## Records provided
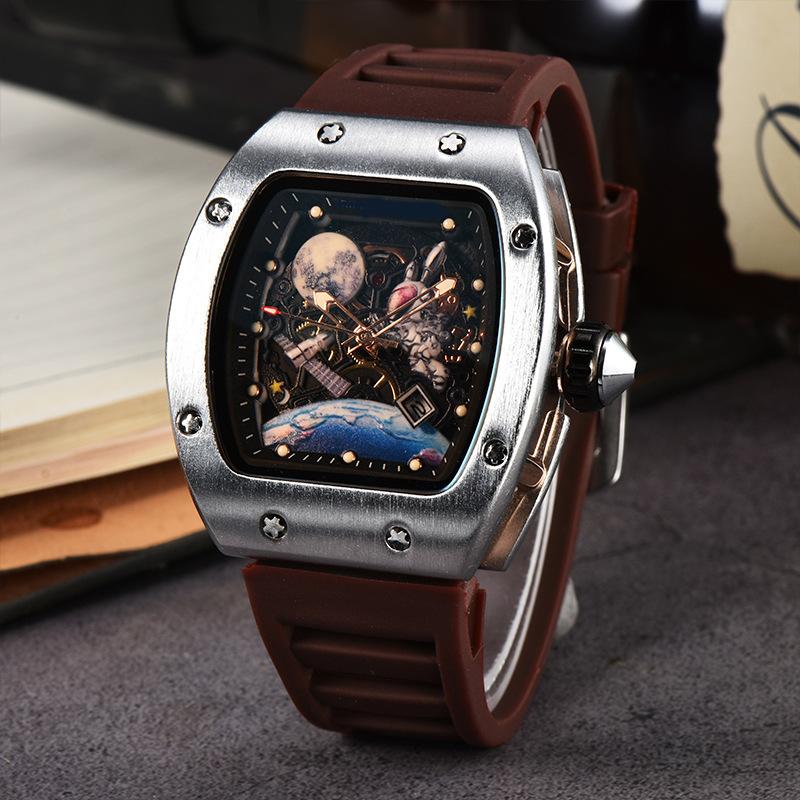 2025 New Barrel-shaped Space Astronaut Luminous Hollow Tourbillon Fashion Men's Quartz Watch
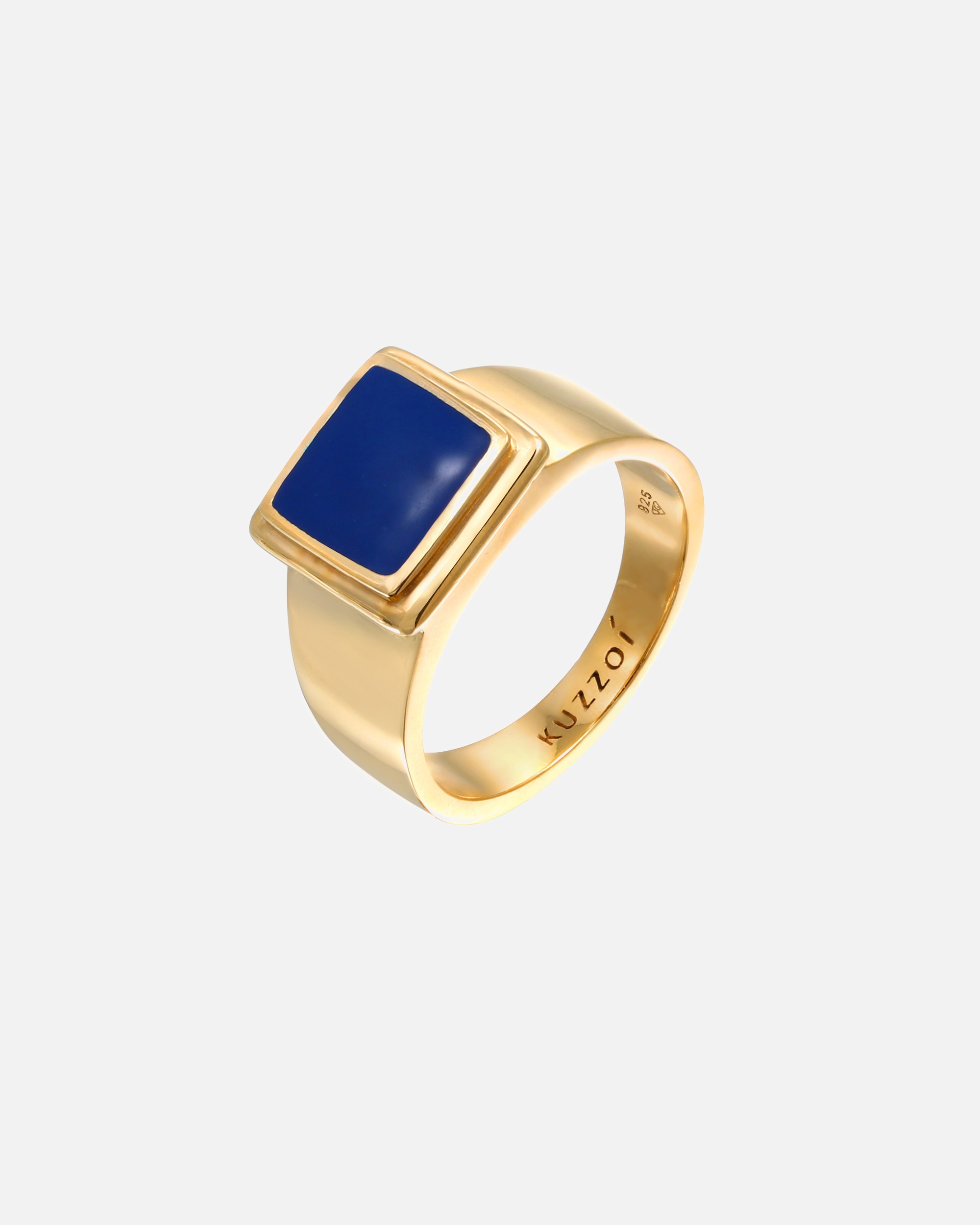 KUZZOI Bague Signet Homme Carré Bleu avec émail en argent 925 plaqué or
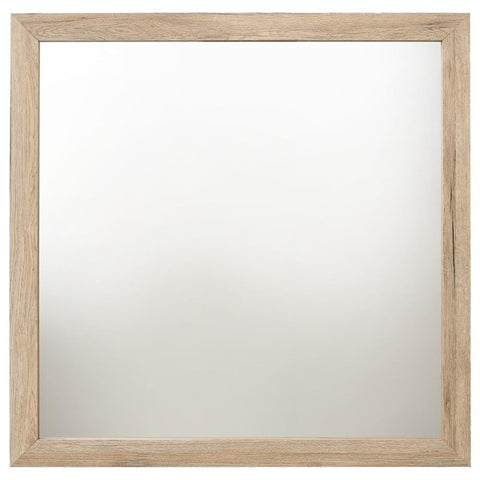 Acme Furniture Miquell 40" Square Wood Frame Bedroom Mirror in Rustic Natural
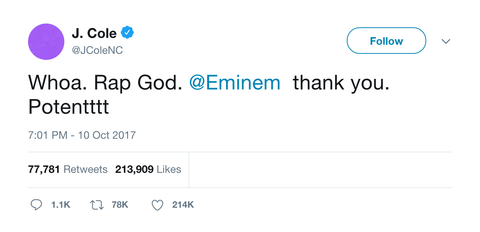 J Cole rap god Eminem tweet from Tee Tweets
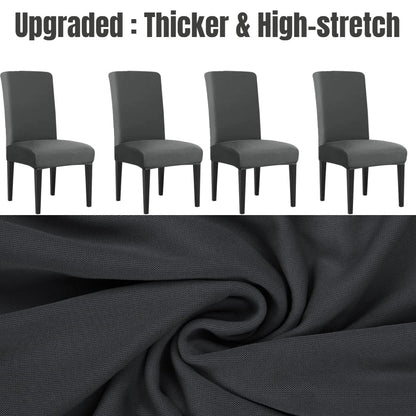 4Pc High Stretch Dining Chair Covers – Elastic Non-Slip Slipcovers, Removable Seat Protectors for Living Room, Kitchen & Wedding
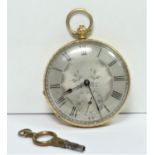 A 19th century 18K gold key wind open face pocket watch, the silvered dial with Roman numerals, 46mm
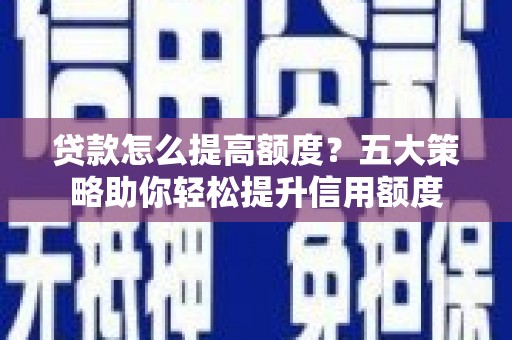庆元贷款怎么提高额度？五大策略助你轻松提升信用额度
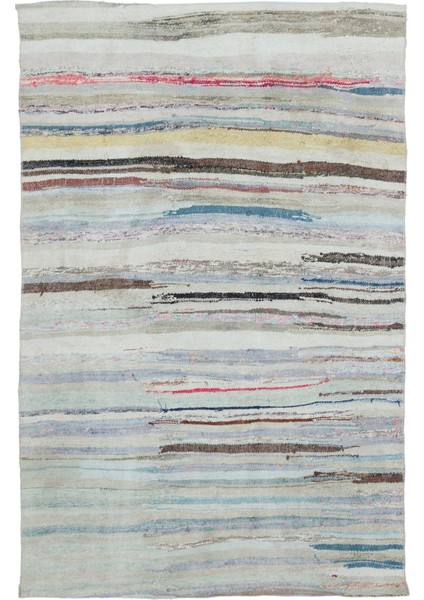 Teselya Bej Çizgili Yün Modern Desenli Yün Hav Toz Vermez Leke Tutmayan Salon Yolluk Mutfak El Dokuma Halı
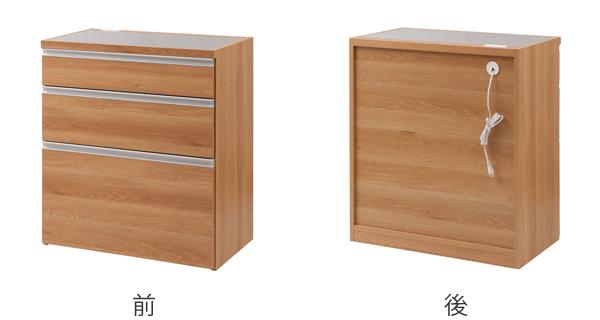 キッチンカウンター 幅80cm 木目調タイプ ステンレストップ 日本製 完成品 （ 木目調 2口コンセント 国産 キッチンボード 背面化粧 お手入れ簡単 台所 食器収納 フルスライドレール ホワイト 白 木目 キッチン キッチン収納 ）_2
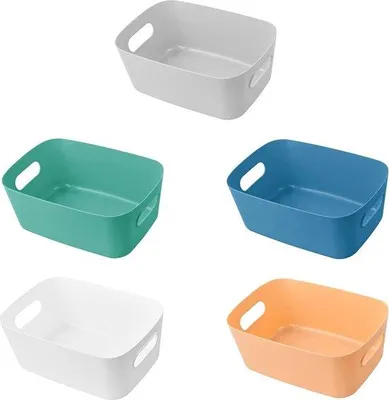 Productafbeelding van Famanu opbergboxen, set van 5 - kunststof, verschillende kleuren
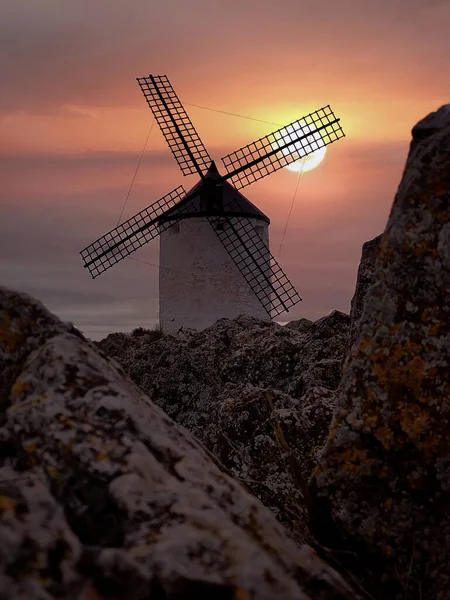 Vertical Shot Small Mill Sunset — Stock Photo, Image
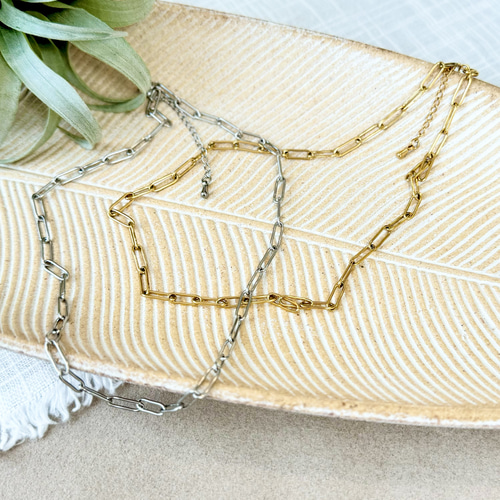 錆びない！】チャンキーチェーンネックレス (ゴールド/シルバー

## Task goal
Set down again, word for word, every line from the one with "Teselya Bej Çizgili" to the one with "Vertical Shot Small" in the entries above, and omit the pictures.

## Answer for this exercise
 Teselya Bej Çizgili Yün Modern Desenli Yün Hav Toz Vermez Leke Tutmayan Salon Yolluk Mutfak El Dokuma Halı
 キッチンカウンター 幅80cm 木目調タイプ ステンレストップ 日本製 完成品 （ 木目調 2口コンセント 国産 キッチンボード 背面化粧 お手入れ簡単 台所 食器収納 フルスライドレール ホワイト 白 木目 キッチン キッチン収納 ）_2
 Productafbeelding van Famanu opbergboxen, set van 5 - kunststof, verschillende kleuren
 Vertical Shot Small Mill Sunset — Stock Photo, Image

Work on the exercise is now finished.